It was not through the law that the promise was made to Abraham and his descendants that he would inherit the world, but through the righteousness that comes from faith. For if those who adhere to the law are the heirs, faith is null and the promise is void. For the law produces wrath; but where there is no law, neither is there violation.
For this reason, it depends on faith, so that it may be a gift, and the promise may be guaranteed to all his descendants, not to those who only adhere to the law but to those who follow the faith of Abraham, who is the father of all of us, as it is written, “I have made you father of many nations.” He is our father in the sight of God, in whom he believed, who gives life to the dead and calls into being what does not exist. (Romans 4:13-18)

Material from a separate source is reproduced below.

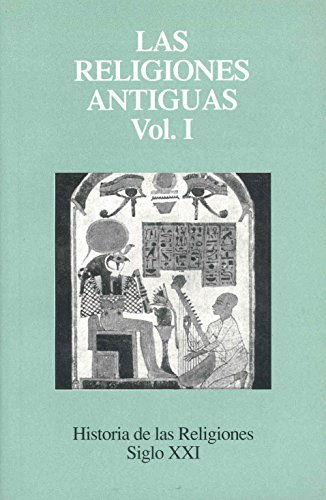 Las Religiones Antiguas, Vol. 1 (historia De Las Religiones) - Angelo Brelich, Philippe Derchain, Raymond Jestin, Isabel Martínez Martínez, José Luis Ortega Matas, Henri-charles Puech, Santiago Monforte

The promise made to Abraham was that he and his descendants would inherit the promised land, and this promise, this gift, is extended to all who join Abraham’s family through an act of faith. The promised land is Heaven. The promise is not dependent on an external sign like circumcision, for Paul tells us that Abraham made his act of faith before he was circumcised, and Abraham is therefore “the ancestor of all who believe without being circumcised and who thus have righteousness reckoned to them” (Romans 4:11).
Paul credits Abraham for trusting that God would grant him descendants despite his and Sarah’s advanced age:
He believed, hoping against hope, that he would become “the father of many nations,” according to what was said, “Thus shall your descendants be.” He did not weaken in faith when he considered his own body as [already] dead (for he was almost a hundred years old) and the dead womb of Sarah. He did not doubt God’s promise in unbelief; rather, he was empowered by faith and gave glory to God and was fully convinced that what he had promised he was also able to do. That is why “it was credited to him as righteousness.” (Romans 4:18-22)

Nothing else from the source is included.